Optionally, a rolling device is provided between the first modality device and the second modality device.
Optionally, the rolling device includes an inner fixed ring, an outer fixed ring, and a plurality of rolling elements disposed between the inner fixed ring and the outer fixed ring, the inner fixed ring is fixed to the second mode device, and the outer fixed ring is fixed to the first mode device.
Optionally, the first modal device and/or the second modal device is/are provided with a clutch device, and the clutch device is used for locking the first modal device and the second modal device to form an integral structure; or unlocked to allow independent rotation of the first and second modality devices.
Optionally, the clutch device includes a fixing member and a locking member disposed on the fixing member, the fixing member is fixedly disposed on one of the first mode device and the second mode device, and the locking member is connected to the other in a matching manner.
Optionally, the driving device includes a support assembly and a first driving assembly for driving the first mode device to rotate, and the first mode device is erected on the support assembly.
Optionally, the support assembly comprises at least two rolling wheel assemblies with parallel axes, the first modal device being mounted on the at least two rolling wheel assemblies.
Optionally, the rolling wheel assembly includes a driving wheel and at least one driven wheel, and the first driving assembly drives the driving wheel to rotate.
Optionally, the first driving assembly includes a first motor, and the driving wheel is disposed on an output shaft of the first motor.
Optionally, the first driving assembly includes a driving motor, a first pulley and a first transmission belt, the first pulley is disposed on an output shaft of the driving motor, and the first transmission belt is connected to the first pulley and the first modal device.
Optionally, the drive device further comprises a second drive assembly for driving the second modal device to rotate.
Optionally, the second driving assembly includes a second motor, a second pulley, and a second transmission belt, the second pulley is disposed on an output shaft of the second motor, and the second transmission belt connects the second pulley and the second modal device.

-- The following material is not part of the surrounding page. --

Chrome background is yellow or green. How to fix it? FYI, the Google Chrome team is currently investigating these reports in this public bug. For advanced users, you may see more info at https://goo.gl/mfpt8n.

Optionally, a band-type brake assembly for braking the second belt pulley is arranged on the second motor.
Optionally, the first mode device is provided with at least one circular ring rail, an axis of the ring rail is overlapped with the rotation center line, and the driving device drives the first mode device to rotate along the at least one ring rail.
Optionally, the second mode device includes a scanning portion and a transmission portion disposed on the scanning portion, the scanning portion is located in the accommodating space, and the driving device drives the transmission portion to rotate, so that the scanning portion rotates around a rotation center line.

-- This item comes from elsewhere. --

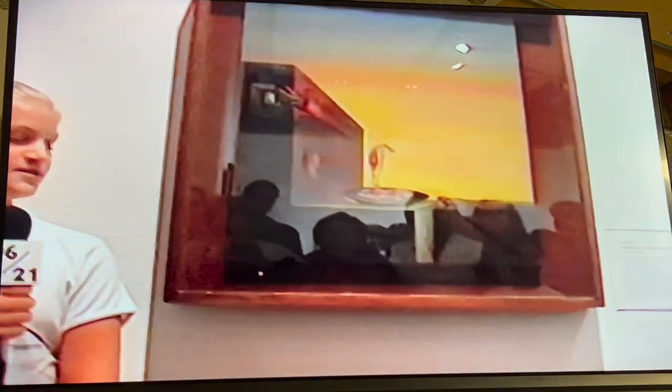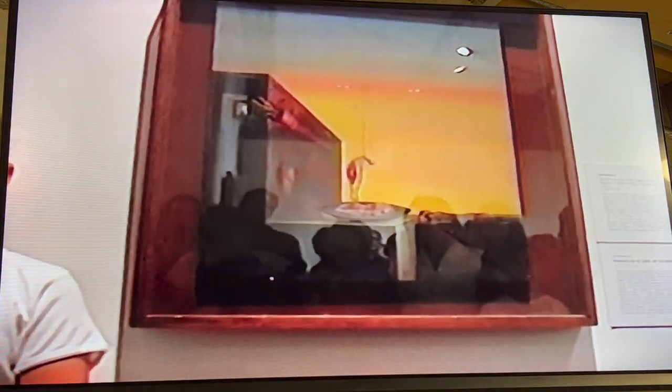One fun painting from this period was Eggs on a Plate Without a Plate. Believe it or not, Dali said this painting illustrates memories from before he was born. Do you have any memories from before you were born? Dali said that all he remembers from before he was born was seeing a pair of eggs being fried on a pan without a pan.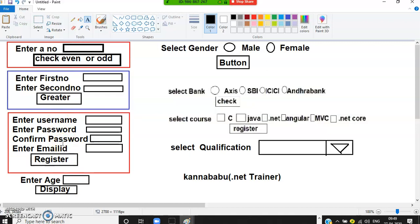If password and confirm password are not the same, display an error. As a developer you must ask: do you want to display all errors at once, or only one error at a time? If you want to display all errors at once, use multiple-if. If you want to display only one error, and after rectifying it show the next error, use else-if.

The technical scheme provided by the embodiment of the application can have the following beneficial effects:
the first mode device and the second mode device are respectively used for realizing the functions of treatment and diagnosis, and the first mode device and the second mode device are of an integrated structure, so that the occupied space is small, and the installation is convenient. The first mode device and the second mode device are coaxially arranged, and rotate around the same rotation center line in the operation treatment or diagnosis process, so that the position accuracy is high, the moving range of the treatment bed is small, and the treatment position accuracy is high.
Detailed Description
Reference will now be made in detail to the exemplary embodiments, examples of which are illustrated in the accompanying drawings. When the following description refers to the accompanying drawings, like numbers in different drawings represent the same or similar elements unless otherwise indicated. The embodiments described in the following exemplary embodiments do not represent all embodiments consistent with the present application. Rather, they are merely examples of apparatus and methods consistent with certain aspects of the present application, as detailed in the appended claims.
The terminology used herein is for the purpose of describing particular embodiments only and is not intended to be limiting of the application. As used in this application and the appended claims, the singular forms "a", "an", and "the" are intended to include the plural forms as well, unless the context clearly indicates otherwise. It should also be understood that the term "and/or" as used herein refers to and encompasses any and all possible combinations of one or more of the associated listed items.
It is to be understood that although the terms first, second, third, etc. may be used herein to describe various information, such information should not be limited to these terms. These terms are only used to distinguish one type of information from another. For example, first information may also be referred to as second information, and similarly, second information may also be referred to as first information, without departing from the scope of the present application. The word "if" as used herein may be interpreted as "at … …" or "when … …" or "in response to a determination", depending on the context.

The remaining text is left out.